Sul palco, dando la parola ai protagonisti delle innumerevoli vertenze sparse sull'intero territorio nazionale, ma anche attraverso i 21 stand regionali, dove sono stati raccontati i disagi delle aziende in crisi dei diversi territori, e i 12 messi a disposizione delle federazioni di categoria, che hanno illustrato le difficoltà attraversate dai settori di riferimento. Un vero e proprio viaggio dentro la crisi, rappresentata in una stessa piazza, fisica e virtuale, denominata il "villaggio del lavoro". Una forma di protesta del tutto peculiare – e da quanto ci risulta inedita –, proprio perché eccezionale e quasi senza precedenti è la crisi economica e sociale che l'Italia (e l'intera Europa) sta attraversando.

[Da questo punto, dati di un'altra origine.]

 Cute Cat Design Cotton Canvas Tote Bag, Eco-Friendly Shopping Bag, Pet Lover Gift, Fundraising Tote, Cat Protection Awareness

Il lavoro prima di tutto, dunque. Non solamente una rivendicazione – per quanto forte – da portare in piazza in occasione delle iniziative di protesta del movimento sindacale, ma un'esigenza concreta. Una condizione essenziale per far uscire il paese dalle sabbie mobili, perché il rigore da solo non può bastare; anzi: è controproducente, se non si mettono al centro di qualsiasi strategia politica scelte finalizzate all'equità e allo sviluppo.

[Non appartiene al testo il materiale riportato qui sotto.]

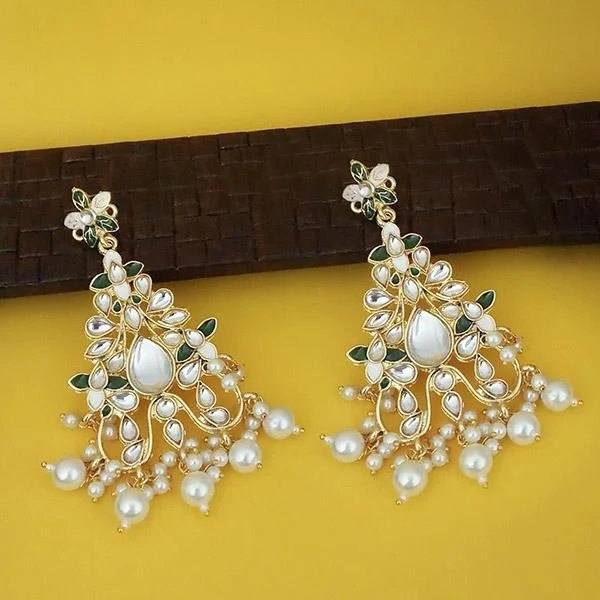 flower earrings for women-Kriaa Gold Plated Kundan Green Meenakari Dangler Earrings - 1316329D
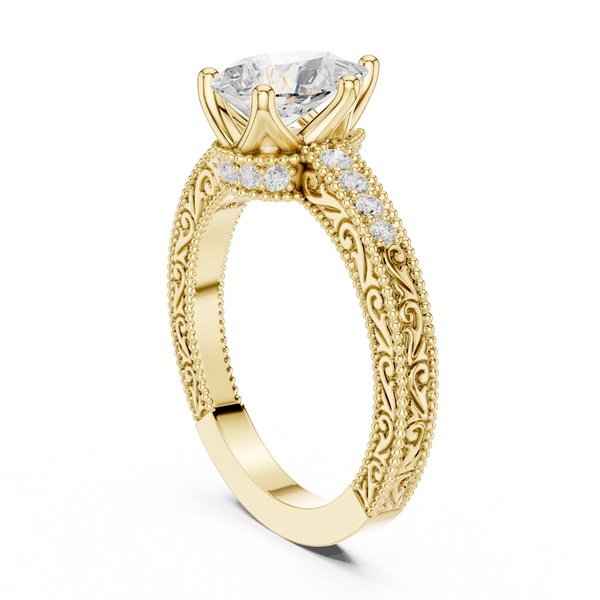 Pear Diamond Lab Grown Diamond Ring with Round Accents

È quanto ha (per l'ennesima volta) sottolineato la leader di corso d'Italia nel suo intervento dal palco di San Giovanni, quando ha parlato della straordinaria ingiustizia di un paese in cui si fanno provvedimenti che non danno il giusto rilievo al lavoro, che ha creato gli esodati, che sono senza pensione e senza reddito, che non riconosce alle donne il diritto di diventare madri e, nel contempo, di lavorare.
"Serve una politica industriale capace di assicurare – ha detto Camusso – un futuro di innovazione all'industria e ai servizi, facendo ricorso anche a investimenti publici, così come è necessario un intervento straordinario per favorire l'occupazione giovanile e femminile". Il lavoro prima di tutto, appunto. In gioco c'è molto di più di un'agenda politica da modificare (meglio, da rivoluzionare). C'è il futuro del paese.